Menyambut Hari Bumi di ”Negeri Majapahit” yang Sakit
Hari raya Idul Fitri bersamaan dengan Hari Bumi 22 April 2023 dengan harapan, terutama bagi warga Jawa Timur, untuk tidak mengabaikan pelestarian alam dan keragaman hayati demi kelangsungan kehidupan.
Tiga kloset duduk diletakkan di atas kain putih di trotoar depan Monumen Gubernur Suryo, Taman Apsari, seberang Gedung Negara Grahadi atau Rumah Dinas Gubernur Jawa Timur di Jalan Gubernur Suryo, Surabaya, Senin (17/4/2023) siang.

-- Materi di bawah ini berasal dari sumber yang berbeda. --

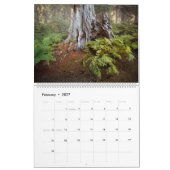 Regenwoud · Olympic National Park, Washington Kalender (Feb 2027)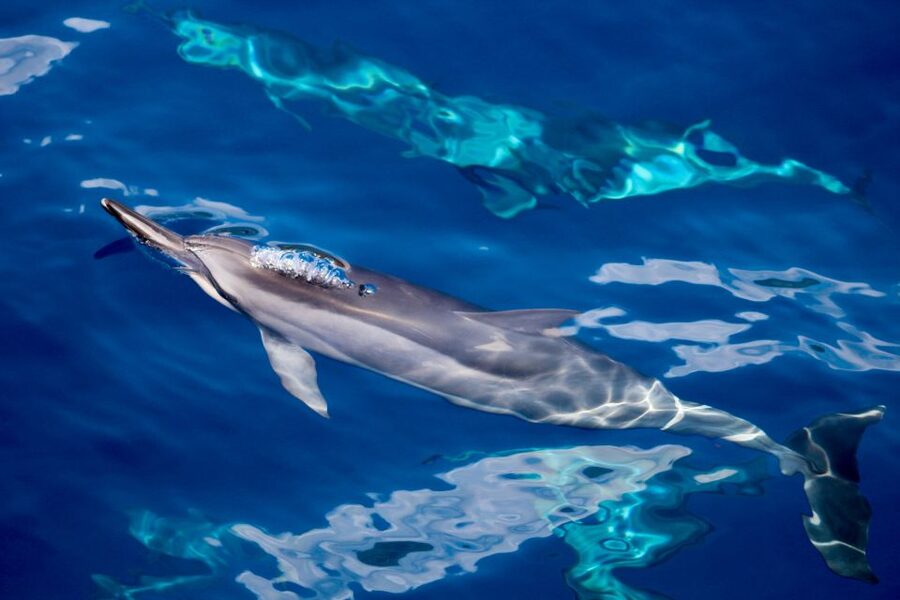 Maui: Lanai Snorkel & Dolphin Watch with Lunch - Breakfast and the Morning Fuel Plan: Simple, Filling, and Easy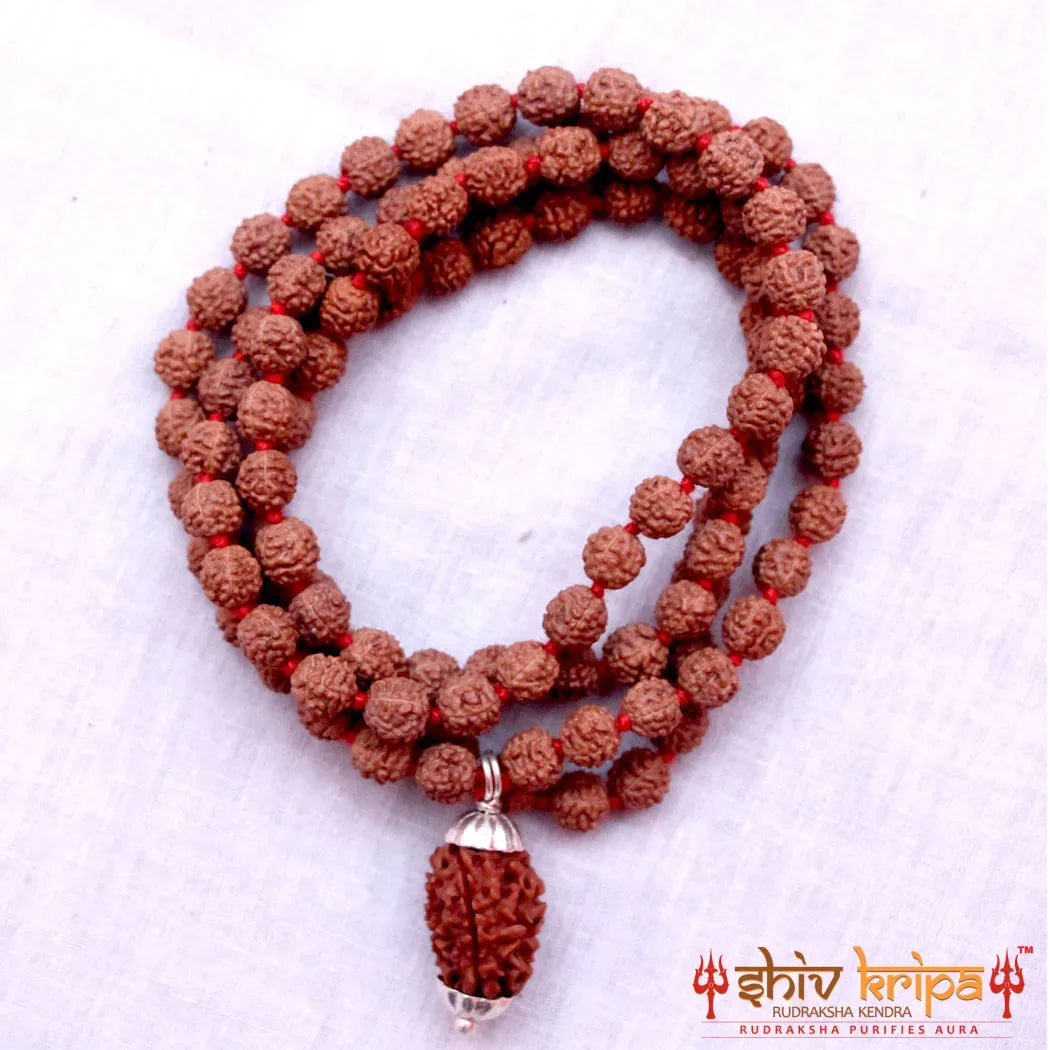 2 Mukhi Rudraksha With 5 Mukhi Rudraksha Mala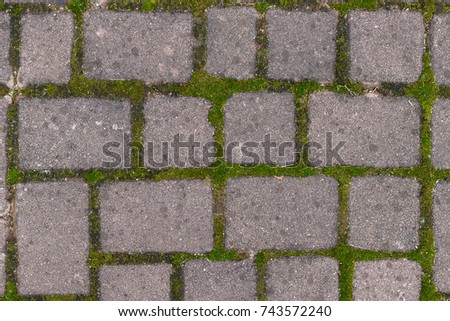 Paving with moss in the crevices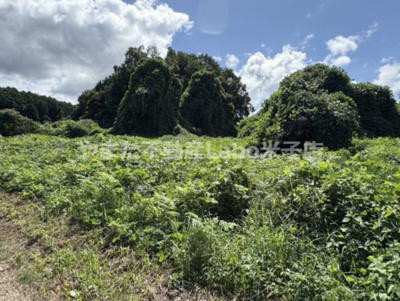 【外観】 | 米子市福万土地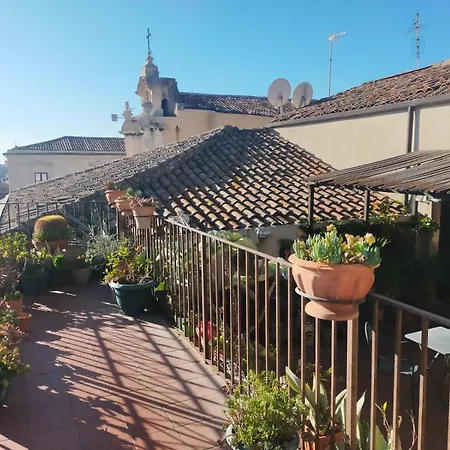 Crociferi B&B-3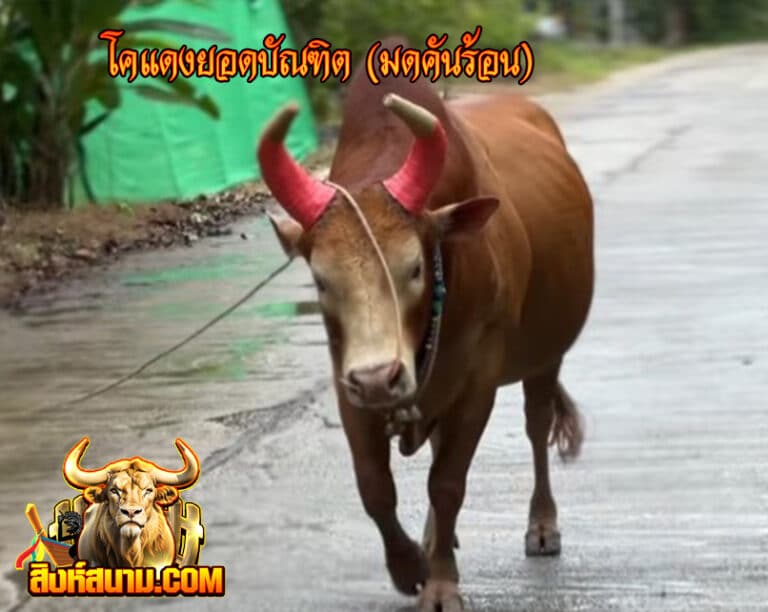 โคแดงยอดบัณฑิต (มดคันร้อน)5555555555555555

Di setiap bagian bawah kloset putih itu tertulis Bumi Jatim. Di penutup jamban untuk buang air itu ada yang tertulis Lakardowo Sumobito, Kali Brantas, dan Markas TNI. Kloset itu berhias bercak kuning kecokelatan dari adonan kunyit, tepung, dan air yang mengibaratkan sebagai kotoran manusia. Di mulut kloset yang tengah dijejalkan sampah plastik terutama kemasan mi instan.
Di seberang atau depan gerbang timur Grahadi, sekelompok mahasiswa dan mahasiswi berdemonstrasi. Mereka membawa bendera Merah Putih dan poster berisi pesan, gugatan, kecaman tentang kerusakan alam.
Poster bertuliskan ”Bumi Jatim Bukan Toilet”, ”Sumobito Markas TNI Lakardowo Tropodo Patian Rowo Kali Brantas Bengawan Solo Tercemar Limbah B3”, ”Rakyat Ancur Pesenna Tellor”, ”Pemerinta Kareppah Dhibbi’ Man Menyaman”. Mereka aktivis Lembaga Kajian Ekologi dan Konservasi Lahan Basah (Ecoton).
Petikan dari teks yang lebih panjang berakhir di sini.